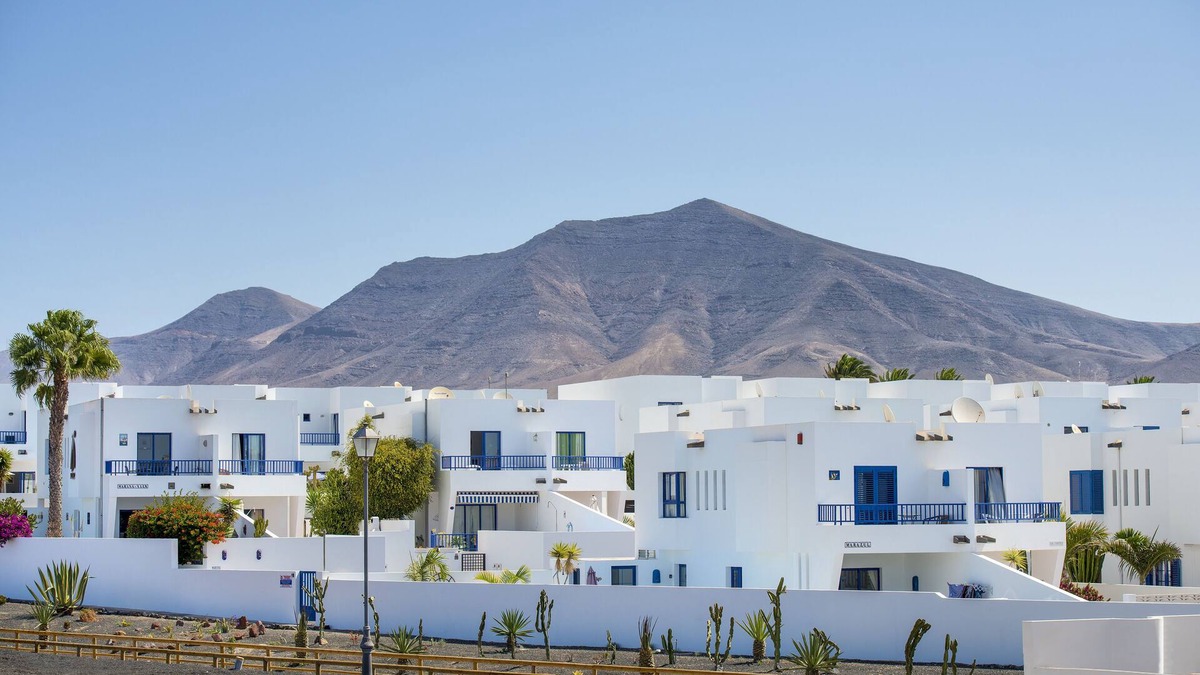 Playa Blanca Villa | Excellent villa with private pool, parking, free WIFI, 50m. Marina Rubicon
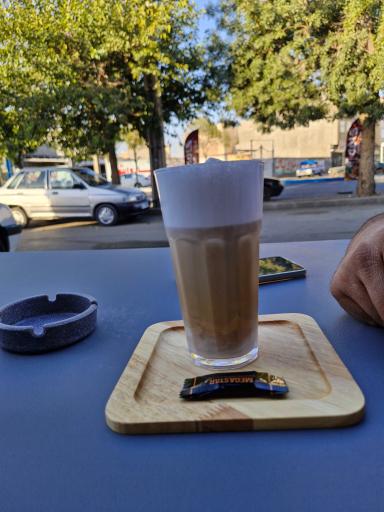 عکس کافه لونا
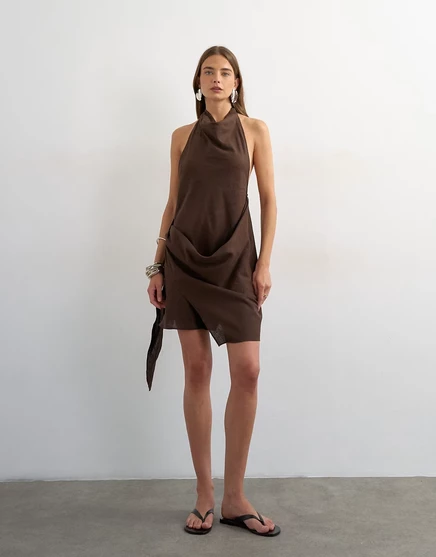 Женское мини‑платье TopShop из льна с халтером и запахом, шоколадное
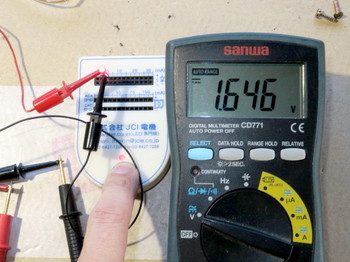 赤色LEDの点灯時の電圧を測定しているところ
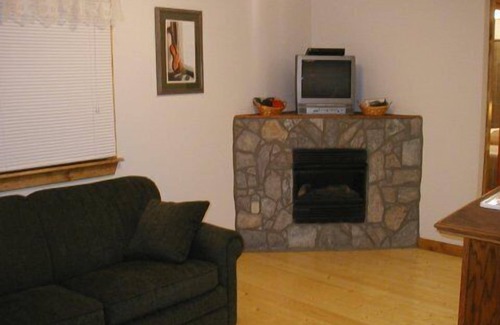 Old Town Cabin | Family friendly cabins near Galax, VA & the Blue Ridge Music Center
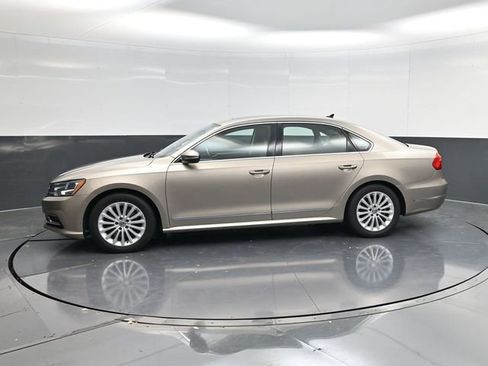 Used 2016 Volkswagen Passat 1.8T SE image 6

——

◆ Exercise aim: Transcribe the records in full and exactly. Pictures stay out.

◆ Exercise result:
 Playa Blanca Villa | Excellent villa with private pool, parking, free WIFI, 50m. Marina Rubicon
 عکس کافه لونا
 Женское мини‑платье TopShop из льна с халтером и запахом, шоколадное
 赤色LEDの点灯時の電圧を測定しているところ
 Old Town Cabin | Family friendly cabins near Galax, VA & the Blue Ridge Music Center
 Used 2016 Volkswagen Passat 1.8T SE image 6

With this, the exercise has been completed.